State-of- the-art energy-from- waste plant
The Buckinghamshire Waste Management Facility is a major new EfW (Energy from Waste) plant located at Greatmoor, nine miles from the town of Aylesbury.
The plant is being constructed by principal contractor Sir Robert McAlpine, working on behalf of plant process provider Hitachi Zosen Inova AG. Caunton has supplied and erected 2,000 tonnes of structural steelwork for the project.
When operational the plant will benefit both the environment and the country by reducing reliance on landfill, increasing the recycling of waste and generating 22MW of electricity – enough to power 36,000 homes.
The tallest part of the structure, excluding the emissions stack, is almost 53m high, and the plant consists of several process areas; tipping hall, waste bunker hall, boiler hall, flue gas treatment area, turbine hall and admin offices. Cranes are installed in several locations and Caunton was responsible for the supply and erection of the structures supporting these.
An architectural feature of the project is the ACC canopy, which passes over the top of low-level plant. The two sides of the canopy are an extension of the feature cladding bands that arch across the entire length of the plant on both sides.
Fully modelled by the client HZI, the project model was given to the construction team in Navisworks format for the purposes of visualisation, coordination and sequencing of the works. Caunton used the model to extract information and coordinate construction interfaces.
The level of detail in the model was high enough to visualise all aspects of the project and proved extremely useful when planning our site activities around those carried out by other trade and plant installation contractors.
Tekla model constructed to LOD 400
Our Tekla structural model was constructed to a similar high level of detail, (LOD 400 in BIM terms), sufficient to extract all necessary manufacturing data for our NC machines, fabrication drawings for our production assembly teams and all installation information used by our site teams. This process is routine on all of our projects, whether or not they are to be carried out to a formal BIM protocol.
Logistics of working at heights of up to 53m presented challenges for our installation teams and some parts of the structure could only be accessed by our erectors working from man baskets, rather than the usual method of MEWPs. This was also partly due to restrictions of already installed plant structures and equipment.

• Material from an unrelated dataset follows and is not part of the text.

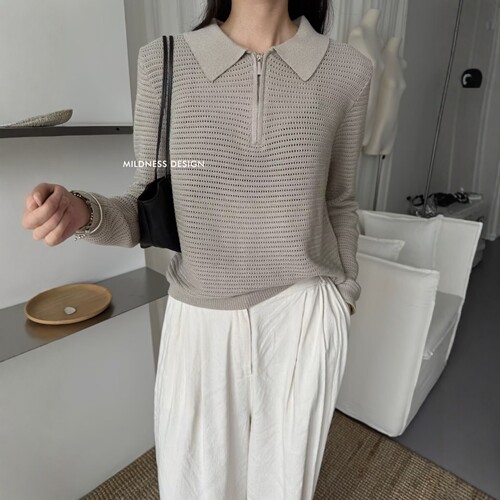 MILDNESS2026秋季韩版简约百搭宽松显瘦polo领镂空半拉链针织衫女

Arched box girder trusses, 1.8m wide x 1.5m high, form the feature ACC canopy. The trusses were manufactured in sections of between 13m and 16m long, and some of them had to be erected over the top of a low-level structure and equipment that had already been installed.
The box girders are fully clad and it was decided that in light of the extremely difficult access for the cladding contractor they would be mostly clad at ground level and then lifted into position by Caunton. Final installation of cladding at the connection interfaces was then done in-situ by the cladder.
All structural steel was supplied in hot dip galvanized finish to reduce maintenance needs during the life of the project.
The majority of our works were completed on programme, over a six-month period, with a return visit approximately four months later to install the ACC canopy steel.